Robinson filed his Complaint alleging violations of state and federal law in state court on November 10, 2016, and RTD removed the action to this Court on November 23, 2016. (ECF Nos. 1 & 5.)

III. ANALYSIS

A. Converting the Motion

The Court must first determine whether it must construe RTD's Partial Motion to Dismiss as a motion for relief under Rule 12(b)(6) or Rule 56. RTD's Partial Motion to Dismiss is properly characterized as a factual attack because both parties have attached materials beyond the pleadings that do not bear on the sufficiency of the Complaint to state a claim for relief. (See ECF Nos. 69; 73.) These extraneous materials are, rather, offered to support the parties' respective positions as to the facts on which subject matter jurisdiction depends. (See id.)

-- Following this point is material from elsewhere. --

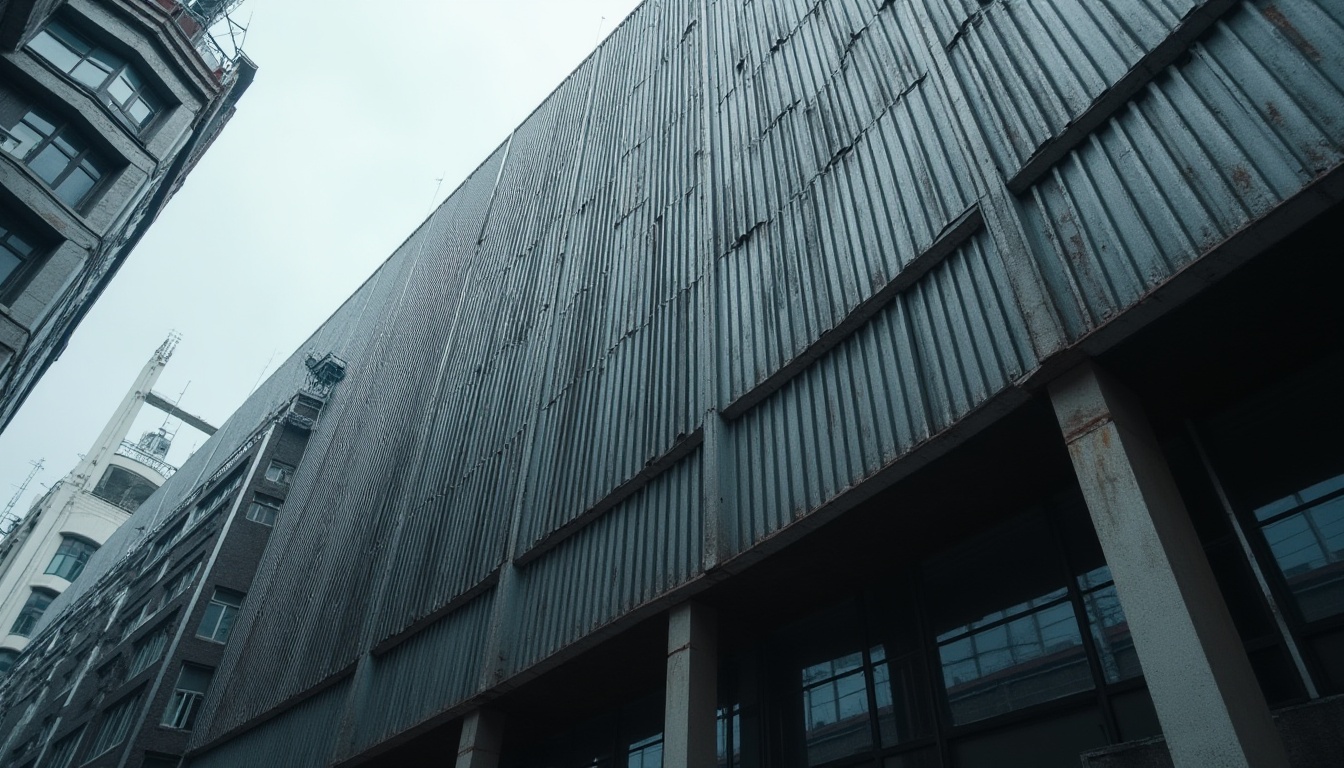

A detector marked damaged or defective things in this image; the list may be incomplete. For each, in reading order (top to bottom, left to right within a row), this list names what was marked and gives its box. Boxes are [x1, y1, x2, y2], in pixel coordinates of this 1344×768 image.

The Court must separately consider whether the aspects of RTD's jurisdiction challenge are intertwined with the merits of this matter. See Holt v. United States, 46 F.3d at 1002. Generally speaking, a motion should be converted "if subject matter jurisdiction is dependent on the same statute which provides the substantive claim in the case." Id. at 1003. CADA requires claims be timely filed for a court to have jurisdiction and would provide Robinson with the substantive relief he seeks. But "the focus of the inquiry is not merely on whether the merits and the jurisdictional issue arise under the same statute. Rather, the underlying issue is whether the resolution of the jurisdictional question requires resolution of an aspect of the substantive claim." Sizova v. Nat'l Inst. of Standards & Tech., 282 F.3d 1320, 1324 (10th Cir. 2002) (quoting Pringle v. United States, 208 F.3d 1220, 1223 (10th Cir. 2000)); Maes v. Leprino Foods Co., Inc., 2015 WL 4652779 (D. Colo. Aug. 6, 2015) (Martinez, J.).

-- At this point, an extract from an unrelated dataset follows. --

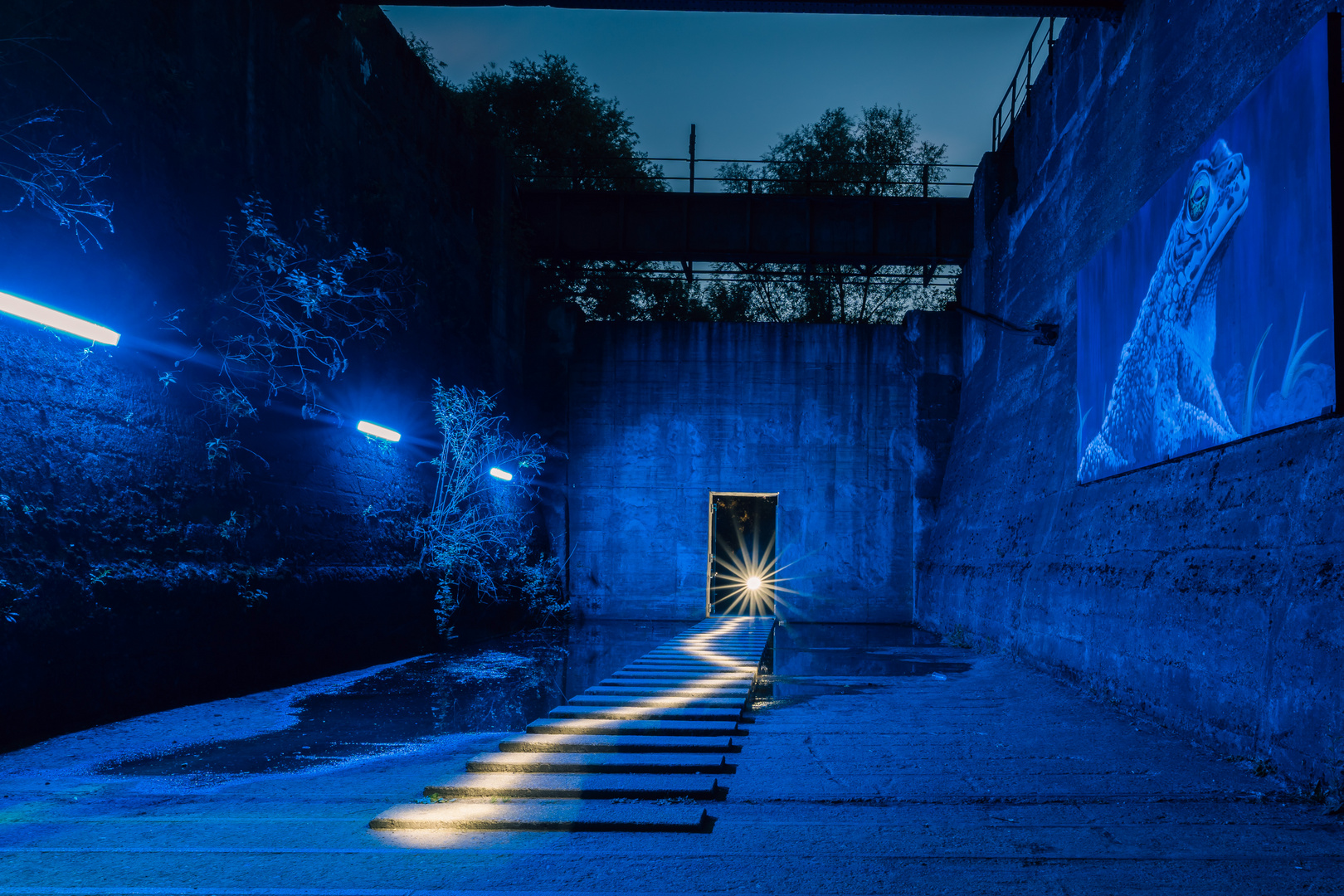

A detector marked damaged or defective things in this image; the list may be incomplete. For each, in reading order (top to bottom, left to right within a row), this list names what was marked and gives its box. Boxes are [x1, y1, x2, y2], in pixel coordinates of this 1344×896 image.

rusted steel beam [518, 191, 969, 267]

RTD argues that Robinson failed to file his lawsuit on the CADA claims in the First Charge within the statutory period of ninety days. Determining whether Robinson timely filed his Complaint with respect to the CADA claims in the First Charge will not require the Court to resolve the substantive aspects of his claim under CADA. Thus, the Court will consider RTD's procedural challenge to Robinson's CADA claims arising from the First Charge under Rule 12(b)(1).

B. Timeliness of CADA Claims

The Colorado Revised Statutes require that a civil action alleging discriminatory or unfair practices be filed within ninety days of either (a) CCRD's notice of no probable cause; or (b) if an appeal is filed, after the Commission's notice dismissing the appeal. Colo. Rev. Stat. § 24-34-306(2)(b)(I)(B). At that point, a plaintiff has exhausted administrative review under CADA, CCRD jurisdiction ceases, and the matter is ripe for litigation. Bankston v. Antlers Hilton Hotel, 2011 WL 6153024, at *4 (D. Colo. Nov. 3, 2011); see also Jackson v. City and Cnty. of Denver, 2012 WL 4355556, at *2 (D. Colo. Sept. 24, 2012) ("Under CADA, a plaintiff exhausts administrative remedies when he obtains a notice of right to sue from the CCRD."). If a party fails to file suit within ninety days, the claim is "barred, and no district court shall have jurisdiction to hear the action." Colo. Rev. Stat. § 24-34-306(2)(b)(I)(C). The absolute bar to filing after ninety days applies equally in state and federal court. Fleites v. Pueblo Med. Investors, LLC, 2008 WL 4371924, at *3 (D. Colo. Sept. 22, 2008) (applying CADA's ninety-day rule for bringing state claims).

Fleites was decided on a subsection of CADA analogous to the one at issue here. In Fleites, the court applied Colorado Revised Statute § 24-34-306(11), which grants a party ninety days to sue under CADA after a finding of probable cause and issuance of a notice letter. The statute at issue here, Colorado Revised Statute § 24-34-306(2)(b)(I)(B), grants a party ninety days to sue under CADA after a finding of no probable cause and issuance of a notice letter. The Court sees no reason to distinguish between the subsections of the statute at this juncture.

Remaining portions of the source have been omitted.